→ What this task involves
Up to and including the line with "leur logette（ルルロジェッタ）ひざ丈スカート 赤", copy the records below exactly from their first line.

:: Source data ::

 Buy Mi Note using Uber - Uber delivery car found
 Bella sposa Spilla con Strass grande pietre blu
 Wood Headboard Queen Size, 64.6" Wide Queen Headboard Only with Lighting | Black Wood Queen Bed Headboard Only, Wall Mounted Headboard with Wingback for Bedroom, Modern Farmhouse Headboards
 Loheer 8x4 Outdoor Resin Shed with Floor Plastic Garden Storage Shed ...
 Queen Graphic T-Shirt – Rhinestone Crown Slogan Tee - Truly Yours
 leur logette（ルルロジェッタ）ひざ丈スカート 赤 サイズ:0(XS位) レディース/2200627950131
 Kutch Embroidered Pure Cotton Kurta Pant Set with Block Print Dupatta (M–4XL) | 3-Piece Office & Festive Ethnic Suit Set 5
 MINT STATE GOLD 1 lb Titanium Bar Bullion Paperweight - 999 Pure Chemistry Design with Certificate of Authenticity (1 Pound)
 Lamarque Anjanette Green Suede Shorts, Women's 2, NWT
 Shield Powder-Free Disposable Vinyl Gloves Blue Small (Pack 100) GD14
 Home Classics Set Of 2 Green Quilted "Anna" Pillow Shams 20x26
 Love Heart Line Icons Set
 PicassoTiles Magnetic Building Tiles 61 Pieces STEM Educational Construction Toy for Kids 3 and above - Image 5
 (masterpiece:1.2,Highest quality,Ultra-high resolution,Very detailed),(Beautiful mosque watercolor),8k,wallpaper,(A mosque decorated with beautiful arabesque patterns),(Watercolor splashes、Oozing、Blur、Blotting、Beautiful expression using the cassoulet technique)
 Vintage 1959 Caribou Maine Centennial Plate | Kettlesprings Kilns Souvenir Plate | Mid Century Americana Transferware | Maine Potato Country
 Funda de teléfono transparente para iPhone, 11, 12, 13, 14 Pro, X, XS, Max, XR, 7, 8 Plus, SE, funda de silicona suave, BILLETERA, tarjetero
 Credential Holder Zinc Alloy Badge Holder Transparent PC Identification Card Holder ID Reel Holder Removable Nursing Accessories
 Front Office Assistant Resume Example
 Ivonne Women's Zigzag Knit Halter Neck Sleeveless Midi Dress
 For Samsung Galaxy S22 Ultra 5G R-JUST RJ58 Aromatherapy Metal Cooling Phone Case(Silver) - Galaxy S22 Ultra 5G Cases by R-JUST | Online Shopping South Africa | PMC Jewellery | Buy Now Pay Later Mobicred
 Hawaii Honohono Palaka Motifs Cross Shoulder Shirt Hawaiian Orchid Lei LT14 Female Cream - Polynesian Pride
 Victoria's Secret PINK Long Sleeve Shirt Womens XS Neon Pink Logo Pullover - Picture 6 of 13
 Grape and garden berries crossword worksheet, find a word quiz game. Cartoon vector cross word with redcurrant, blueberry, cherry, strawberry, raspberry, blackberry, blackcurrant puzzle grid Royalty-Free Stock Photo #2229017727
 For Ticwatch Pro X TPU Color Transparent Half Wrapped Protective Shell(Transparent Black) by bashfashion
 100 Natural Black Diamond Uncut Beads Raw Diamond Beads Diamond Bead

:::

→ Written response
 Buy Mi Note using Uber - Uber delivery car found
 Bella sposa Spilla con Strass grande pietre blu
 Wood Headboard Queen Size, 64.6" Wide Queen Headboard Only with Lighting | Black Wood Queen Bed Headboard Only, Wall Mounted Headboard with Wingback for Bedroom, Modern Farmhouse Headboards
 Loheer 8x4 Outdoor Resin Shed with Floor Plastic Garden Storage Shed ...
 Queen Graphic T-Shirt – Rhinestone Crown Slogan Tee - Truly Yours
 leur logette（ルルロジェッタ）ひざ丈スカート 赤 サイズ:0(XS位) レディース/2200627950131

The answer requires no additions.